Dolar przeciw importerom

Bichniewicz Michał
opublikowano: 1999-02-04 00:00

Dolar przeciw importerom

Ceny paliw na rynku krajowym w minionym tygodniu nadal pozostawały stabilne lub ulegały niewielkim obniżkom. Tymczasem zauważalnie, chociaż nietrwale, wzrosły ceny produktów na rynku europejskim, pogarszając sytuację importerów. Dodatkowo odczuli oni wzrost kursu dolara amerykańskiego.

W CIĄGU OSTATNIEGO tygodnia do poniedziałku zanotowano wzrost cen benzyn (CIF i FOB NWE) rzędu 2-3 USD/t i oleju napędowego o około 3,5 USD/t.
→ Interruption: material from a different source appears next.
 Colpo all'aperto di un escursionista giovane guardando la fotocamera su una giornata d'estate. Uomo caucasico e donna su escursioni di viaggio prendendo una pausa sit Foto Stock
Uczestnicy rynku nie mieli jednak wielkich nadziei na to, że taka tendencja utrzyma się przez dłuższy czas. Jak się okazało — słusznie, bowiem już we wtorek, 2 lutego, paliwa na rynku europejskim ponownie potaniały. Handlowcy przewidują, że istniejące (zwłaszcza na rynku niemieckim) duże zapasy paliw zachęcą rynek do prób ich wyprzedaży. Możliwy w związku z tym wzrost podaży przy i tak już słabym popycie mógłby jedynie ponownie pociągnąć ceny w dół.

NA NIEKORZYŚĆ importerów działa rosnący od połowy stycznia kurs dolara. Zauważmy, że od początku roku prawie przez dwa tygodnie średni kurs waluty amerykańskiej (wg NBP) jedynie sporadycznie przekraczał 3,50 zł. Później jednak jej notowania zaczęły piąć się w górę, osiągając w dniu 3 lutego poziom aż 3,74 zł.
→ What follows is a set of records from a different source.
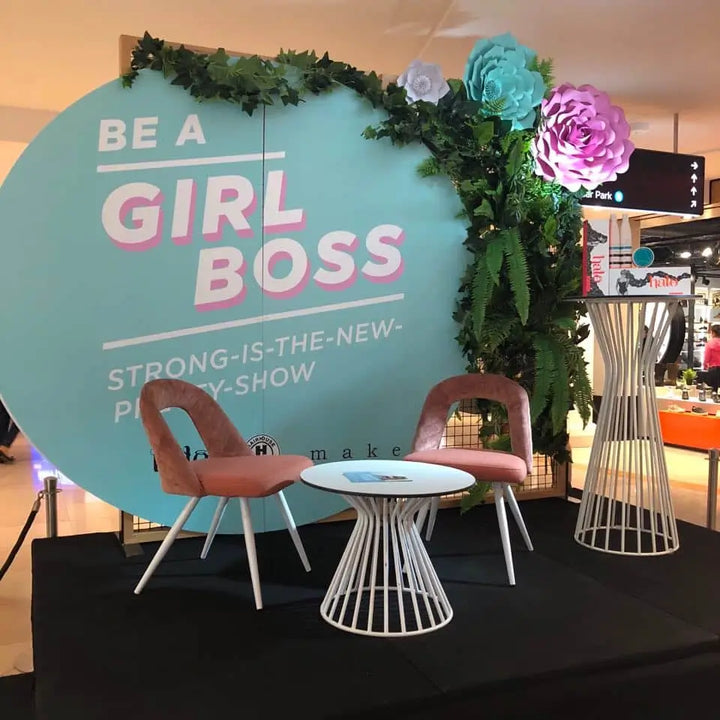 Decorative setup with 'Be a Girl Boss' sign, chairs, and floral arrangements in a store setting.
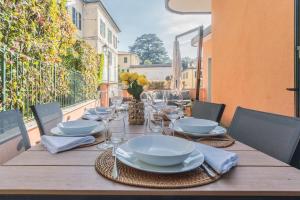 a wooden table with plates and wine glasses on a balcony at Villa Casa Pini by Rent All Como in Bellagio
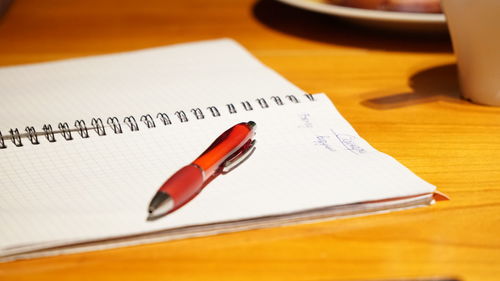 Close-up of pen and spiral notebook on wooden table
WZROST KURSU dolara oraz notowane w ubiegłym tygodniu w Europie podwyżki cen spowodowały wyraźny spadek opłacalności importu paliw do Polski. Koszt importu paliw wzrósł na tyle, że w miniony poniedziałek zarówno benzyna bezołowiowa Eu-95 jak i olej napędowy były droższe od ich odpowiedników krajowych: Eu-95 o ponad 6,5 zł/t, a olej napędowy aż o 20,5 zł/t. Wtorkowy spadek cen (w formule CIF NWE Eu-95 staniała o 1 USD/t, a olej napędowy o 3,5 USD/t) nie zdołał poprawić opłacalności importu. Eu-95 z zagranicy kosztowała o blisko 12 zł/t, a olej napędowy o 15 zł/t więcej niż paliwa produkowane przez krajowe rafinerie.